Dataflow Eliminating ETL Infrastructure Overhead
Use Cases and Deployment Scope
Pros
- We require exactly once processing for our invoices where accuracy is very important.
- The native connectors for Bigquery and Storage and BQtoStorage templates made our job easy as we didn't have to write custom templates.
- We chose Google Cloud Dataflow because of the unified stream and batch processing capabilities. As we are working on stream processing for data we get from Google in Billing Exports.
Cons
- More templates for Bigquery and App Engine. There is only limited options for templates so the things we use can limit.
- I would like native connectors for Excel (XLSX) to reduce the need for custom wrappers in financial pipelines.
- Debugging Google Cloud Dataflow using only logs in Cloud Logging can be overwhelming sometimes, and it’s not always obvious which specific element in the flow caused a failure.
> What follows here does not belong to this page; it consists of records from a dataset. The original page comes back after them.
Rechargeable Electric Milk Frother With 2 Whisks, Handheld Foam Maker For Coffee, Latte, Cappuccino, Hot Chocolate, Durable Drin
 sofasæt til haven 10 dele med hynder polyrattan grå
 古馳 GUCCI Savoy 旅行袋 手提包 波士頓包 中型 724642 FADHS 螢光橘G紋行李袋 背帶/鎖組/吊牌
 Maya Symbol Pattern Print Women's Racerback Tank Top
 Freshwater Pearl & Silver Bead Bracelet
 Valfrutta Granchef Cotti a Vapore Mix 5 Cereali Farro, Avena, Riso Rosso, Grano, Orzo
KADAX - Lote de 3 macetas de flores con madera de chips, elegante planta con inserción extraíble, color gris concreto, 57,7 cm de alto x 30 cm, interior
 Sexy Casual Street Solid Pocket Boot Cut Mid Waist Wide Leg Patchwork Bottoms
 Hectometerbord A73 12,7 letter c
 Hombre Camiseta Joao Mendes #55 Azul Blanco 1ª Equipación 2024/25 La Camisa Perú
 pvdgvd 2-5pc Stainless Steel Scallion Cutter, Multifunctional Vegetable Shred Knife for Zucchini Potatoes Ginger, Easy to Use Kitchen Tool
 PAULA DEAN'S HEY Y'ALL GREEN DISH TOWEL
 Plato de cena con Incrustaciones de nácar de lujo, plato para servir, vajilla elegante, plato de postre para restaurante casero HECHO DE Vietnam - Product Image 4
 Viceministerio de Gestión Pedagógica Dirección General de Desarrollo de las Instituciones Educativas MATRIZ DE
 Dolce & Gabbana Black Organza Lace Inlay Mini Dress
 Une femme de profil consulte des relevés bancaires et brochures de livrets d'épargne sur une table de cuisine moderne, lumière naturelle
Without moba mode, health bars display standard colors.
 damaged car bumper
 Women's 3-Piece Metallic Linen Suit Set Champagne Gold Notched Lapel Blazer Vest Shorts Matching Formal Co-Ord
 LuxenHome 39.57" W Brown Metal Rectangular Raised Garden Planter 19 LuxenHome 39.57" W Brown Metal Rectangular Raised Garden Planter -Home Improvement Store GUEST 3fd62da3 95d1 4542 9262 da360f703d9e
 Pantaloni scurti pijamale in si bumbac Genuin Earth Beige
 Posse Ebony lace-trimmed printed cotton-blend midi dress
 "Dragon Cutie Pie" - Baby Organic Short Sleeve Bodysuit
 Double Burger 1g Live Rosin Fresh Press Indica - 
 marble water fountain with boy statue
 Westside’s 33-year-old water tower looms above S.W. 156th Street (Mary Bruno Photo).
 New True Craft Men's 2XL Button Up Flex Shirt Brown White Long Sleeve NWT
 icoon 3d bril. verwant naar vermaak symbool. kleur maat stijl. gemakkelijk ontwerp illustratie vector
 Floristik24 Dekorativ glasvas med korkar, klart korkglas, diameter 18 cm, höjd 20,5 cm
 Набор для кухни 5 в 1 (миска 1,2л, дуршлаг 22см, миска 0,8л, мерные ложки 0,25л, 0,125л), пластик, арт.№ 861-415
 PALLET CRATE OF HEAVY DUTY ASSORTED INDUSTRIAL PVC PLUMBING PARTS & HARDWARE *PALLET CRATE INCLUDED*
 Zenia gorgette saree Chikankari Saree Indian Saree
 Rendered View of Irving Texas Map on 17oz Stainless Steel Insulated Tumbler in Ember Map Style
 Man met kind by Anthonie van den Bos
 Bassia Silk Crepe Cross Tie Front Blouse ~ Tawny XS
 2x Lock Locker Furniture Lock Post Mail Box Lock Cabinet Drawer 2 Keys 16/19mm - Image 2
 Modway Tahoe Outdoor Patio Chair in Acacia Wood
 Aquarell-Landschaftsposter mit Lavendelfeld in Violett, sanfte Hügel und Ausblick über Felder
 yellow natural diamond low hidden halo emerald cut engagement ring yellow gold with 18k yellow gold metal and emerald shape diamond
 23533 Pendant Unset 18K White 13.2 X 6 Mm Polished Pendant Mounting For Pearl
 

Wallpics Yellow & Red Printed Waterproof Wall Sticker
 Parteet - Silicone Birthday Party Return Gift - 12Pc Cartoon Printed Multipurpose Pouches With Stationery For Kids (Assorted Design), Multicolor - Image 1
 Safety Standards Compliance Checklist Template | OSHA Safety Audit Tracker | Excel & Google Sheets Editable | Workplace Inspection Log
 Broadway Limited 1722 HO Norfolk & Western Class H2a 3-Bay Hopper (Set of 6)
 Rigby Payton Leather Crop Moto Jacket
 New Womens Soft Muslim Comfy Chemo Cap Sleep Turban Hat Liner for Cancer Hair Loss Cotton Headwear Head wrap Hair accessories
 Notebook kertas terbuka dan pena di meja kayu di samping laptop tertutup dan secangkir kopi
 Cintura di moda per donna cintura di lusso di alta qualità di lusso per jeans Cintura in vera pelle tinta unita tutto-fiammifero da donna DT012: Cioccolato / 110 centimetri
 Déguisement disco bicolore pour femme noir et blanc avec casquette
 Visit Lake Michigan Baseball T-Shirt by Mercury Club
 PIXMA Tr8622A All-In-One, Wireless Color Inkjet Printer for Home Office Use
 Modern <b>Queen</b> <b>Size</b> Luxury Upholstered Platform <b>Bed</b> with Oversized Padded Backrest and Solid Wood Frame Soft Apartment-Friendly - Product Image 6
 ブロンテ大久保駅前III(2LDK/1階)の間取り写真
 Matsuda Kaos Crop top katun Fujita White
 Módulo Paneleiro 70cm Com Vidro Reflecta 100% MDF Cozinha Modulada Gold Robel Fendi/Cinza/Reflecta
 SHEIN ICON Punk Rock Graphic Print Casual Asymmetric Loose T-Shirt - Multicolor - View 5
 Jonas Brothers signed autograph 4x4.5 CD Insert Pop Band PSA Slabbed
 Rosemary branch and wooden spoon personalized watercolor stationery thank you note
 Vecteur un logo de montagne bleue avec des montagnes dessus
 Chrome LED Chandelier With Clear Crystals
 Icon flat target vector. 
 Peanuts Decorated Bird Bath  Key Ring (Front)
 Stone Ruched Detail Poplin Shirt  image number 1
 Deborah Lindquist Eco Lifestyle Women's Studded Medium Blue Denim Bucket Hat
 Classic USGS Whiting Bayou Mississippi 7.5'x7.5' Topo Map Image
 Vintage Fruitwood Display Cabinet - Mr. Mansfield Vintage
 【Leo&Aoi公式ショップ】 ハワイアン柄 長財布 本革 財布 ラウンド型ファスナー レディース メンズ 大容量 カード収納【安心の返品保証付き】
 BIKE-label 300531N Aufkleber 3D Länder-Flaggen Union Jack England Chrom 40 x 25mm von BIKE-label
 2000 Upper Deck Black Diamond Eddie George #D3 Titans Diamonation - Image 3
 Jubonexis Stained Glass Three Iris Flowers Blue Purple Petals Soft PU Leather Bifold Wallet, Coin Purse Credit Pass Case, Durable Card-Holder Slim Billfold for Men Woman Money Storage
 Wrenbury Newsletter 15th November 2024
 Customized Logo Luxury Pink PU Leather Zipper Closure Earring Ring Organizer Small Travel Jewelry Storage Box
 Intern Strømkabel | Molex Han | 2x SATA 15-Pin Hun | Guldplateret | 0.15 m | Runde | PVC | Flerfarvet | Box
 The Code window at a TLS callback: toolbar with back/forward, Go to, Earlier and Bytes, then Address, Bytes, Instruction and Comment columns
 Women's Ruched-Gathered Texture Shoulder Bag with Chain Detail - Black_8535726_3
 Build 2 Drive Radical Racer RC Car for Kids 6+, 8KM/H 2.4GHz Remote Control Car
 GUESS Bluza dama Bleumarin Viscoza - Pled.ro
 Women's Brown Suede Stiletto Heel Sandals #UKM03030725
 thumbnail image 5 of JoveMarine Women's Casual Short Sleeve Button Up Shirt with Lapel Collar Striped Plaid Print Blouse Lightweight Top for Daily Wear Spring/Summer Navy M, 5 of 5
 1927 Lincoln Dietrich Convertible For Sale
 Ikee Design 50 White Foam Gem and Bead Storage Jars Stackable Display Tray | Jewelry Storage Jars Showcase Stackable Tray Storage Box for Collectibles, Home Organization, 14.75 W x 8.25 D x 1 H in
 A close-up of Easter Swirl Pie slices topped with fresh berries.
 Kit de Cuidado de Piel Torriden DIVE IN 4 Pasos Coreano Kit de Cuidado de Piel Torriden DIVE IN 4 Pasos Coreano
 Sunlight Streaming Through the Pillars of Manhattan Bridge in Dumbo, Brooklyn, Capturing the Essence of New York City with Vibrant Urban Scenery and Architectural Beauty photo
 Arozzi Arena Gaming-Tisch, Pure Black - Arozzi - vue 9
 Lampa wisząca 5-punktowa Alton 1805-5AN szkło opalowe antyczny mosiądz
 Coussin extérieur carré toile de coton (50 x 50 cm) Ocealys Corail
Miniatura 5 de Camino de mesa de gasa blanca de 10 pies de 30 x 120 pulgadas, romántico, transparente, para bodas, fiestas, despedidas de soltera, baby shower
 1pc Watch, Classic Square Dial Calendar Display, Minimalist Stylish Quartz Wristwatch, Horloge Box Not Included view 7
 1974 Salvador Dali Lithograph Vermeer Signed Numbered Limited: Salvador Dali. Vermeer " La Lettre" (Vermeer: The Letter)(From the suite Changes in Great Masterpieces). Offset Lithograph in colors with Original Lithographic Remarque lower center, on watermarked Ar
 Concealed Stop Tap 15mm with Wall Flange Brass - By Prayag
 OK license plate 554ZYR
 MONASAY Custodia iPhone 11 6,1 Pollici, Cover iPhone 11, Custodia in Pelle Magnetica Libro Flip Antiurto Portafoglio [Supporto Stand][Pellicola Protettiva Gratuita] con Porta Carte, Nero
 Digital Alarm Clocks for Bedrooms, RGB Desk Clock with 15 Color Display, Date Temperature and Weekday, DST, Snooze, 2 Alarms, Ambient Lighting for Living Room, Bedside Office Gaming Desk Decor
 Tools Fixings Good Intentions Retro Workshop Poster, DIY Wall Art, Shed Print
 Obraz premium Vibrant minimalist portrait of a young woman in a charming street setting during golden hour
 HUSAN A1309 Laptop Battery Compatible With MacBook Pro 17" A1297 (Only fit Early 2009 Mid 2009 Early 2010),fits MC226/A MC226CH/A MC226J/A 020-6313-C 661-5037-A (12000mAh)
IT uses a lot of time.
Return on Investment
- IT has automated our workflow and data enrichment steps which were very resource and time hungry steps.
- Unlike traditional ETL tools that require a 24/7 server, Dataflow scales to zero when there are no files are in GCS which is very important for us.
- With the Apache Beam SDK you can write a pipeline once and handle the entire GCS-to-BigQuery flow.